▶ **Records for processing**
• • • •
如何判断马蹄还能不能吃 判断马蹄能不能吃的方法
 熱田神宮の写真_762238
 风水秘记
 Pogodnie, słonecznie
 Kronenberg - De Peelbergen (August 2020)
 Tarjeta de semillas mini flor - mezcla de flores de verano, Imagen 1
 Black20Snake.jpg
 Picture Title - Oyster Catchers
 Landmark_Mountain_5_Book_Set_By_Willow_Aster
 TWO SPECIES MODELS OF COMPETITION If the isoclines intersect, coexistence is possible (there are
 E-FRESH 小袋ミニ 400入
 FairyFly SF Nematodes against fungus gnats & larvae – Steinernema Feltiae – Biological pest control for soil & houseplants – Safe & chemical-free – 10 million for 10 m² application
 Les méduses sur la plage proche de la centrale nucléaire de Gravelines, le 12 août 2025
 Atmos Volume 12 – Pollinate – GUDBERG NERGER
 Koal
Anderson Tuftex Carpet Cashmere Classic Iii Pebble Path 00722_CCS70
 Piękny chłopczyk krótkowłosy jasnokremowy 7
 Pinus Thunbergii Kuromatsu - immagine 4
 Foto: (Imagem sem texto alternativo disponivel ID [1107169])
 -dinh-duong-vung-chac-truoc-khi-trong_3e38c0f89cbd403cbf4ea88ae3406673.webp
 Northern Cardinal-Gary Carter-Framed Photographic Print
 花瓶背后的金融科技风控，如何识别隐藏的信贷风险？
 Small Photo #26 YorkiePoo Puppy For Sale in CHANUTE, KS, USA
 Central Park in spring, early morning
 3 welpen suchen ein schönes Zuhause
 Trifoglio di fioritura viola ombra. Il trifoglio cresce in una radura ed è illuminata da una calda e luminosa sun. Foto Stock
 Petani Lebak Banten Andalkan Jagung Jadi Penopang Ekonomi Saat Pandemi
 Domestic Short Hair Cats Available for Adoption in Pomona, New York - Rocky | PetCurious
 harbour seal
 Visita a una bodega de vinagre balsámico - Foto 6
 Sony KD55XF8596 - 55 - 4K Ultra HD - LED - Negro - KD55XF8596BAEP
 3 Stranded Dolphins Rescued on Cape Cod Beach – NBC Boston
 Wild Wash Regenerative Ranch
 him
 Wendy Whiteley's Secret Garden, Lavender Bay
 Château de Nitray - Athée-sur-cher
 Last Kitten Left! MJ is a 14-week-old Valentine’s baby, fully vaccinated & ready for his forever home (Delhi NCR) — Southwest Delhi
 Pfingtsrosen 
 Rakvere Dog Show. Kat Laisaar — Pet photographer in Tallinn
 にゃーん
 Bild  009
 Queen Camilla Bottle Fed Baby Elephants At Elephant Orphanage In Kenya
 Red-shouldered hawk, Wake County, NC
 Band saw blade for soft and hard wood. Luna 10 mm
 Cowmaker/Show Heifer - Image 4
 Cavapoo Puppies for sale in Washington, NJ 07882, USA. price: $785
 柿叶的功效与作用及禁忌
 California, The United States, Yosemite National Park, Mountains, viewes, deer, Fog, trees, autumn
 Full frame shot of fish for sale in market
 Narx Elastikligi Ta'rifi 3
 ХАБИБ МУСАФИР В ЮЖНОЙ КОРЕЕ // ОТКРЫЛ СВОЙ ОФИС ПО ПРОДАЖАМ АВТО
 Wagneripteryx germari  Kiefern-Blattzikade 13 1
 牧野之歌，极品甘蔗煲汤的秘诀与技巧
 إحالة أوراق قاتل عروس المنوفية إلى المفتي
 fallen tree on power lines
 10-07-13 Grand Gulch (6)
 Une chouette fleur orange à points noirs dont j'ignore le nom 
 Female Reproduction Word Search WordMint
• • • •
Transcribe all the entries exactly, as they stand.

如何判断马蹄还能不能吃 判断马蹄能不能吃的方法
 熱田神宮の写真_762238
 风水秘记
 Pogodnie, słonecznie
 Kronenberg - De Peelbergen (August 2020)
 Tarjeta de semillas mini flor - mezcla de flores de verano, Imagen 1
 Black20Snake.jpg
 Picture Title - Oyster Catchers
 Landmark_Mountain_5_Book_Set_By_Willow_Aster
 TWO SPECIES MODELS OF COMPETITION If the isoclines intersect, coexistence is possible (there are
 E-FRESH 小袋ミニ 400入
 FairyFly SF Nematodes against fungus gnats & larvae – Steinernema Feltiae – Biological pest control for soil & houseplants – Safe & chemical-free – 10 million for 10 m² application
 Les méduses sur la plage proche de la centrale nucléaire de Gravelines, le 12 août 2025
 Atmos Volume 12 – Pollinate – GUDBERG NERGER
 Koal
Anderson Tuftex Carpet Cashmere Classic Iii Pebble Path 00722_CCS70
 Piękny chłopczyk krótkowłosy jasnokremowy 7
 Pinus Thunbergii Kuromatsu - immagine 4
 Foto: (Imagem sem texto alternativo disponivel ID [1107169])
 -dinh-duong-vung-chac-truoc-khi-trong_3e38c0f89cbd403cbf4ea88ae3406673.webp
 Northern Cardinal-Gary Carter-Framed Photographic Print
 花瓶背后的金融科技风控，如何识别隐藏的信贷风险？
 Small Photo #26 YorkiePoo Puppy For Sale in CHANUTE, KS, USA
 Central Park in spring, early morning
 3 welpen suchen ein schönes Zuhause
 Trifoglio di fioritura viola ombra. Il trifoglio cresce in una radura ed è illuminata da una calda e luminosa sun. Foto Stock
 Petani Lebak Banten Andalkan Jagung Jadi Penopang Ekonomi Saat Pandemi
 Domestic Short Hair Cats Available for Adoption in Pomona, New York - Rocky | PetCurious
 harbour seal
 Visita a una bodega de vinagre balsámico - Foto 6
 Sony KD55XF8596 - 55 - 4K Ultra HD - LED - Negro - KD55XF8596BAEP
 3 Stranded Dolphins Rescued on Cape Cod Beach – NBC Boston
 Wild Wash Regenerative Ranch
 him
 Wendy Whiteley's Secret Garden, Lavender Bay
 Château de Nitray - Athée-sur-cher
 Last Kitten Left! MJ is a 14-week-old Valentine’s baby, fully vaccinated & ready for his forever home (Delhi NCR) — Southwest Delhi
 Pfingtsrosen 
 Rakvere Dog Show. Kat Laisaar — Pet photographer in Tallinn
 にゃーん
 Bild  009
 Queen Camilla Bottle Fed Baby Elephants At Elephant Orphanage In Kenya
 Red-shouldered hawk, Wake County, NC
 Band saw blade for soft and hard wood. Luna 10 mm
 Cowmaker/Show Heifer - Image 4
 Cavapoo Puppies for sale in Washington, NJ 07882, USA. price: $785
 柿叶的功效与作用及禁忌
 California, The United States, Yosemite National Park, Mountains, viewes, deer, Fog, trees, autumn
 Full frame shot of fish for sale in market
 Narx Elastikligi Ta'rifi 3
 ХАБИБ МУСАФИР В ЮЖНОЙ КОРЕЕ // ОТКРЫЛ СВОЙ ОФИС ПО ПРОДАЖАМ АВТО
 Wagneripteryx germari  Kiefern-Blattzikade 13 1
 牧野之歌，极品甘蔗煲汤的秘诀与技巧
 إحالة أوراق قاتل عروس المنوفية إلى المفتي
 fallen tree on power lines
 10-07-13 Grand Gulch (6)
 Une chouette fleur orange à points noirs dont j'ignore le nom 
 Female Reproduction Word Search WordMint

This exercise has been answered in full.